§ **SOURCE RECORDS**
┌──

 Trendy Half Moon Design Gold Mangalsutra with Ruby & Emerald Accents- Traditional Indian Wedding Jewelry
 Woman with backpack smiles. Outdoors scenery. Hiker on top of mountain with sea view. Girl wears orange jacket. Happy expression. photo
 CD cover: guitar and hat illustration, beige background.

└──
┌──

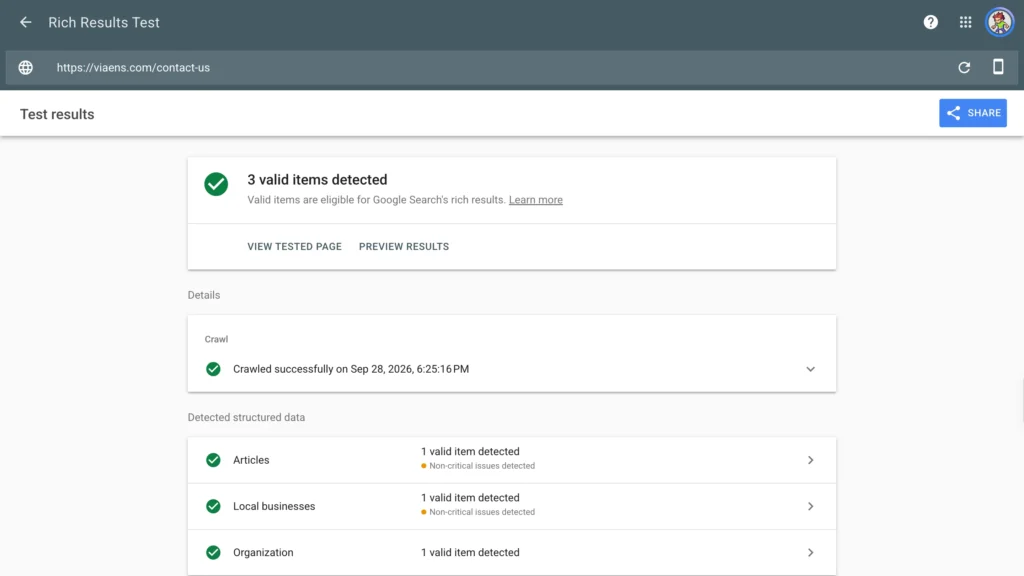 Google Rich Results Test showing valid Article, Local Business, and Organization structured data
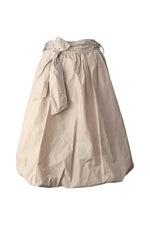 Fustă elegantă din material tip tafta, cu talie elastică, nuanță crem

└──

§ **AIM OF THE TASK**
Extract the lines of the preceding material that run from the line with "Trendy Half Moon" through the line with "Woman with backpack", inclusive, reproducing them exactly and adding nothing.

§ **SOLUTION TO THE PROBLEM**
 Trendy Half Moon Design Gold Mangalsutra with Ruby & Emerald Accents- Traditional Indian Wedding Jewelry
 Woman with backpack smiles. Outdoors scenery. Hiker on top of mountain with sea view. Girl wears orange jacket. Happy expression. photo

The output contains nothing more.